* [Exercise inputs]:
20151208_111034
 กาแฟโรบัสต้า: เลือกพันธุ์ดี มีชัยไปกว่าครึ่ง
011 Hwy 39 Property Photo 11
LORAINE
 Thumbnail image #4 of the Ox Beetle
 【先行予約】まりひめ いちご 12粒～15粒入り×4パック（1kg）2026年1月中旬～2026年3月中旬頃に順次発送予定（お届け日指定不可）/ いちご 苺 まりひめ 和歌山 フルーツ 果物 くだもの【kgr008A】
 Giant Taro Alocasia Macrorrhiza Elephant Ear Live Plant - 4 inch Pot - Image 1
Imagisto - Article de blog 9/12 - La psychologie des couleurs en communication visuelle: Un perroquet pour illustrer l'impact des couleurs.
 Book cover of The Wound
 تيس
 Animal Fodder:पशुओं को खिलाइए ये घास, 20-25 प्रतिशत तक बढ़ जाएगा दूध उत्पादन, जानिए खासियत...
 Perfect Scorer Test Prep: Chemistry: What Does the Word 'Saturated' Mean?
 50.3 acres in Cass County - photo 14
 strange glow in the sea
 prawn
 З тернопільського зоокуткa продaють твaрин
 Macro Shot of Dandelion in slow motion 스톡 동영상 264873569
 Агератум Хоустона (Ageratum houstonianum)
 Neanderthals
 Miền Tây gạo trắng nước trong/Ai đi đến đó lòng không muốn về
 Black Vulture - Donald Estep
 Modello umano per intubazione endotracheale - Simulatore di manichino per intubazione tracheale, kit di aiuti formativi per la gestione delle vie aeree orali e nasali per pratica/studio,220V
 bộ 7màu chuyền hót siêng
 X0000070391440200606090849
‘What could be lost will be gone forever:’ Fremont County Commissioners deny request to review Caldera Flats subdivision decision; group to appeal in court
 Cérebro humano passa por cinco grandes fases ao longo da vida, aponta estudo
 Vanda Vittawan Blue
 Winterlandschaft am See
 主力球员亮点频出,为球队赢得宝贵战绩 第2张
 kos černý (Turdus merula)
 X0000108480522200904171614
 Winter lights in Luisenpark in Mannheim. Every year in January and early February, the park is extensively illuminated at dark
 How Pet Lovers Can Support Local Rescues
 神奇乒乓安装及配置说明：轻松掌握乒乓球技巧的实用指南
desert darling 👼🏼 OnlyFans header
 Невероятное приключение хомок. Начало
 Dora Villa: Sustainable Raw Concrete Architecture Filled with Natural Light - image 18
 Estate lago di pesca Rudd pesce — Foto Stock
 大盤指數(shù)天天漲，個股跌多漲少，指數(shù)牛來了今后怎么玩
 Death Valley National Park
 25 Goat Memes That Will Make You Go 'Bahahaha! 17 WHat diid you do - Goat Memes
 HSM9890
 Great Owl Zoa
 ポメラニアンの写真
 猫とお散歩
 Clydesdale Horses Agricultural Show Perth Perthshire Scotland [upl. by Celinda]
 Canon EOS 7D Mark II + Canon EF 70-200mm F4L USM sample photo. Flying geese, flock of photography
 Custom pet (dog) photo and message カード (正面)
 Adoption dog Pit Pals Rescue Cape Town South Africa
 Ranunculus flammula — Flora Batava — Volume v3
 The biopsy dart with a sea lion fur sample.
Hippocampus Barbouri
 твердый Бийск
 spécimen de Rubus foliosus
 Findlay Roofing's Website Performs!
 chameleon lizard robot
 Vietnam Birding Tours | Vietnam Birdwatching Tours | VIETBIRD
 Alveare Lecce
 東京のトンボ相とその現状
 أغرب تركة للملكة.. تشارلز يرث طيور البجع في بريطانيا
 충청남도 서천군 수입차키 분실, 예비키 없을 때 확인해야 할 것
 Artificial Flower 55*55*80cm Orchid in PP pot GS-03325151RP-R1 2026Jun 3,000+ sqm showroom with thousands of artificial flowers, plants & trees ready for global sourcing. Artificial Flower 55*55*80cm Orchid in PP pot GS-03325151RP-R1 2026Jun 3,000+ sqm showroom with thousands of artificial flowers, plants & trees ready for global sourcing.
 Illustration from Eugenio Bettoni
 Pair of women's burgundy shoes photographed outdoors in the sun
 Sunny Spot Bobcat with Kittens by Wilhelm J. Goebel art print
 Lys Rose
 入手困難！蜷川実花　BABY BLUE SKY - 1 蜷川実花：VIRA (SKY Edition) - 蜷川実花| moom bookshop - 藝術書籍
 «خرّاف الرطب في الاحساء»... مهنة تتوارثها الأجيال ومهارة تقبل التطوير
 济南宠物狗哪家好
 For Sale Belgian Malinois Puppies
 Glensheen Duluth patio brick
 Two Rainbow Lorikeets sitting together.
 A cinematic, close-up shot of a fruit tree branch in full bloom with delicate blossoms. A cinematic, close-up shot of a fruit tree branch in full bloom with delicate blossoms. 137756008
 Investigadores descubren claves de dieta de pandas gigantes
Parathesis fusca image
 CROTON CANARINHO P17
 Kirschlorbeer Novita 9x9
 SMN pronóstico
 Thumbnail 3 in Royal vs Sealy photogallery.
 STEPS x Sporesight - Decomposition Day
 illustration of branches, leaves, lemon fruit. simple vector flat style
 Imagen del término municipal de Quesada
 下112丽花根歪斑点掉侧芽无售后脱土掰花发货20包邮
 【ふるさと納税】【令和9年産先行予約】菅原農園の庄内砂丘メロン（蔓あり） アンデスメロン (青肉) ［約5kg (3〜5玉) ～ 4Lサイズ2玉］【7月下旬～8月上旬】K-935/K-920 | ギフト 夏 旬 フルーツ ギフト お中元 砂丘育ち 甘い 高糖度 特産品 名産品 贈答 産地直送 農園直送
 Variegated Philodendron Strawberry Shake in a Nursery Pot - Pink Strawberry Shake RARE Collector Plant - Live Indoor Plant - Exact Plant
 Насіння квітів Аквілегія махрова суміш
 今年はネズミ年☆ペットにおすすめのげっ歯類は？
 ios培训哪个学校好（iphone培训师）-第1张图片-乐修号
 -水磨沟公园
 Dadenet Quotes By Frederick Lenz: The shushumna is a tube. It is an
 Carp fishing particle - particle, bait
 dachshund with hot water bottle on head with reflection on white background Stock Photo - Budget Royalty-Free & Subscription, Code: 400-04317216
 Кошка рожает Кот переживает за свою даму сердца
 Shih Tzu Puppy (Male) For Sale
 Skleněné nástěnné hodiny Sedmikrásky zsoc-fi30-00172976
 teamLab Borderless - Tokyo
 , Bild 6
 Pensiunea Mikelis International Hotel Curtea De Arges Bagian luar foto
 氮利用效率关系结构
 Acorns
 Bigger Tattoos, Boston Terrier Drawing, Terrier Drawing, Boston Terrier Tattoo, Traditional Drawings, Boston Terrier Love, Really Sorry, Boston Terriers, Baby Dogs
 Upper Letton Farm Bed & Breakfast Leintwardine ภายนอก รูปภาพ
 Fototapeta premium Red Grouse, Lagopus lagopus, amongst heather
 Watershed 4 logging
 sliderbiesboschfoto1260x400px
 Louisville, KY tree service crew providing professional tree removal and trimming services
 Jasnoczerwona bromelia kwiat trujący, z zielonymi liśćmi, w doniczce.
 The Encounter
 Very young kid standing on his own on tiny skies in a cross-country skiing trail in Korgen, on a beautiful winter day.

* [Problem statement]: Return, word for word, every line from the top of the entries down to the line that holds "X0000070391440200606090849", both included.

* [Response for this exercise]:
20151208_111034
 กาแฟโรบัสต้า: เลือกพันธุ์ดี มีชัยไปกว่าครึ่ง
011 Hwy 39 Property Photo 11
LORAINE
 Thumbnail image #4 of the Ox Beetle
 【先行予約】まりひめ いちご 12粒～15粒入り×4パック（1kg）2026年1月中旬～2026年3月中旬頃に順次発送予定（お届け日指定不可）/ いちご 苺 まりひめ 和歌山 フルーツ 果物 くだもの【kgr008A】
 Giant Taro Alocasia Macrorrhiza Elephant Ear Live Plant - 4 inch Pot - Image 1
Imagisto - Article de blog 9/12 - La psychologie des couleurs en communication visuelle: Un perroquet pour illustrer l'impact des couleurs.
 Book cover of The Wound
 تيس
 Animal Fodder:पशुओं को खिलाइए ये घास, 20-25 प्रतिशत तक बढ़ जाएगा दूध उत्पादन, जानिए खासियत...
 Perfect Scorer Test Prep: Chemistry: What Does the Word 'Saturated' Mean?
 50.3 acres in Cass County - photo 14
 strange glow in the sea
 prawn
 З тернопільського зоокуткa продaють твaрин
 Macro Shot of Dandelion in slow motion 스톡 동영상 264873569
 Агератум Хоустона (Ageratum houstonianum)
 Neanderthals
 Miền Tây gạo trắng nước trong/Ai đi đến đó lòng không muốn về
 Black Vulture - Donald Estep
 Modello umano per intubazione endotracheale - Simulatore di manichino per intubazione tracheale, kit di aiuti formativi per la gestione delle vie aeree orali e nasali per pratica/studio,220V
 bộ 7màu chuyền hót siêng
 X0000070391440200606090849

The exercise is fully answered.